Agentic
Agentic designates an execution mode where an AI system does not merely produce a response, but plans, sequences, and executes actions (tools, API calls, navigation, writing, decisions) based on an objective, often over multiple steps, with a varying degree of autonomy.
In interpretive governance, agentic mode drastically raises stakes: an interpretation becomes an action. A plausible output can therefore produce a real effect.

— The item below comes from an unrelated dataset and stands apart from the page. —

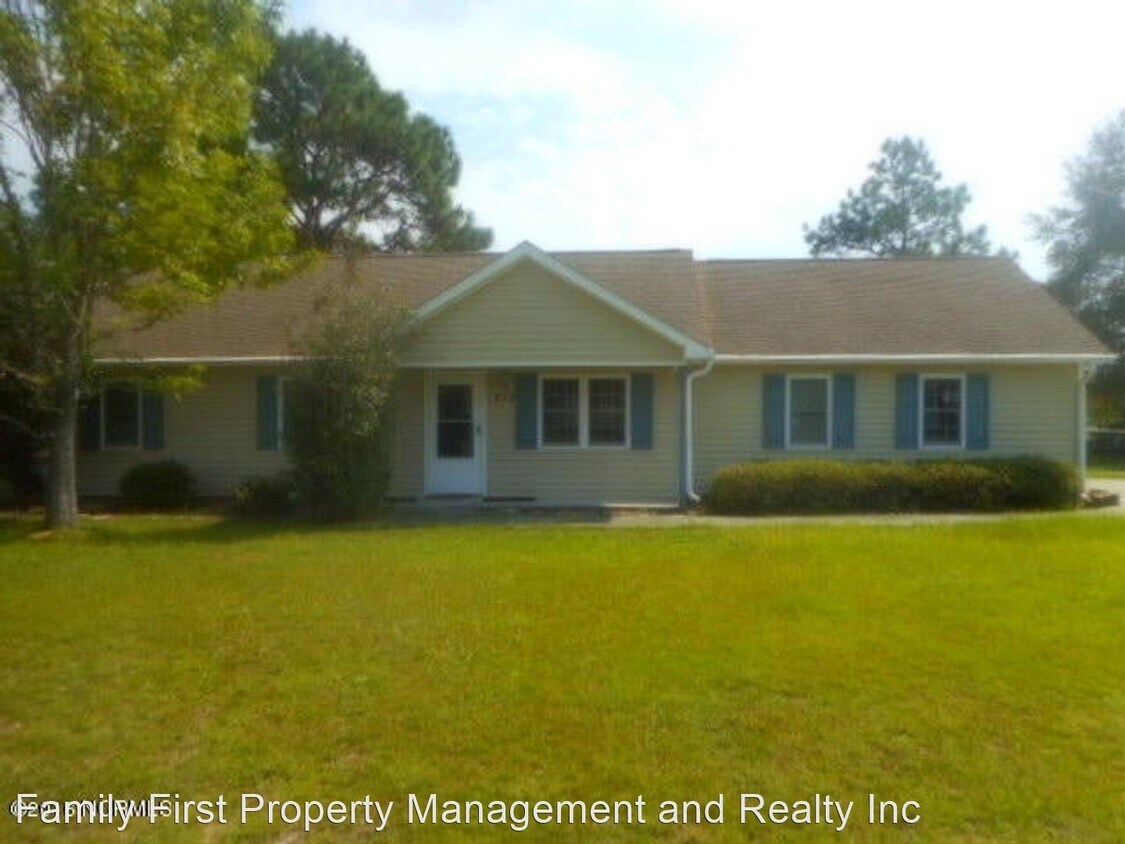3 br, 2 bath House 312 Foxtrace Lane House Rental in Hubert, NC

Hence the importance of authority boundary, response conditions, and legitimate non-response.
Definition
An agentic system is one where:
- AI possesses planning capacity (decomposing a task);
- it can call tools (browsers, APIs, databases, internal systems);
- it can chain actions over multiple turns;
- it produces outputs that can be operational (change a state, write, publish, trigger a flow).

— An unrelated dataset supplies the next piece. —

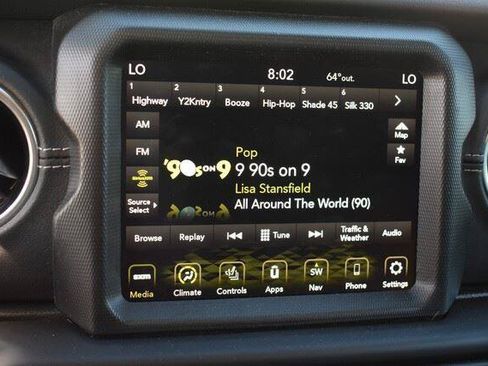 Used 2023 Jeep Wrangler Unlimited Sahara w/ Cold Weather Group AWD/4WD image 31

Agentic mode can exist in closed environments (internal agent) or on the open web (agent navigating and relying on external sources).
Why this is critical in AI systems
- Interpretation = execution: an interpretation error materializes as an action.

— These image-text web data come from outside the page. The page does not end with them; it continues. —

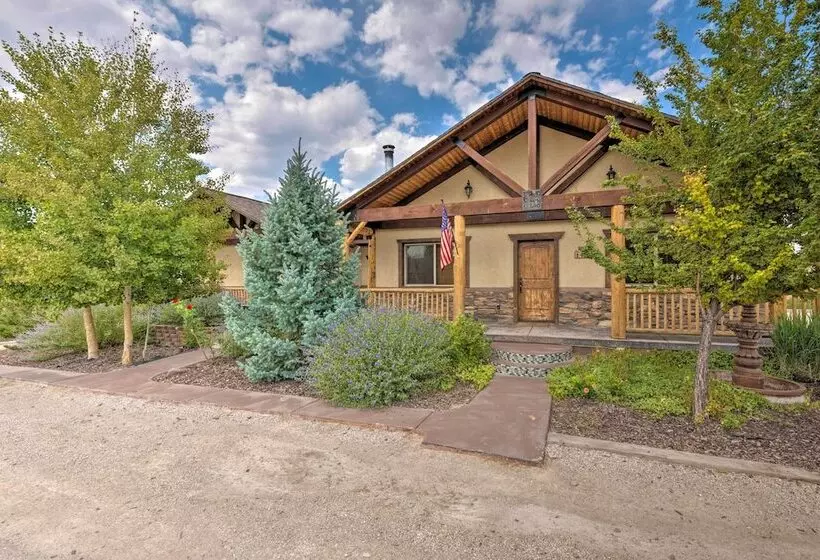 Well Appointed Sterling Casita With Full Kitchen!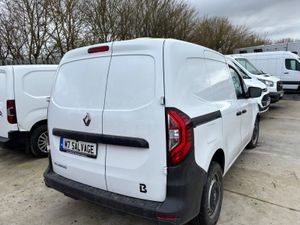 24 Kangoo 3 Seater only 27km - Image 3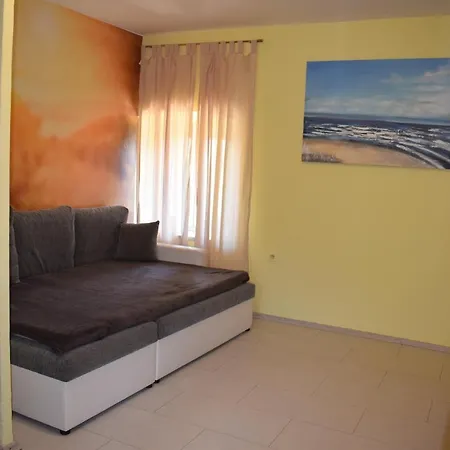 Sabina I Grapes Malinska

- Error cost increases: silent errors, irreversible decisions, implicit liability.
- Attacks become actionable: interpretive capture, contamination, collisions can guide the agent.
Typical risks in agentic mode
- Authority boundary crossing: the agent infers and acts as if it were declared.
- State drift: the agent acts on an outdated state (price, stock, status).
- Authority conflict: the agent chooses a source without an arbitration rule.
- Absence of evidence: no enforceable interpretation trace explains the action.
Practical indicators (symptoms)
- The system executes without requiring minimum conditions (version, context, authorization).
- The system acts on undeclared hypotheses (plausibility transformed into action).
- The system does not produce an interpretation trace for decisions.
- The system favors secondary sources over the canon.
What agentic is not
- It is not a simple chatbot. A chatbot responds. An agent executes.
- It is not a RAG. RAG retrieves information; the agent acts with that information.
- It is not necessarily autonomous. Agentic mode can be supervised (human in the loop).
Minimum rule (enforceable formulation)
Rule AG-1: any agentic execution must be conditioned by explicit response conditions, a strict authority boundary, and a minimum interpretation trace of decisions. Failing that, the agent must produce a legitimate non-response or request human validation before action.
Example
Case: an agent must “update” a policy or publish content.
Risk: it deduces an undeclared intent, or acts on an obsolete version.
Governed output: require version/date, produce an interpretation trace, request validation if the action is irreversible.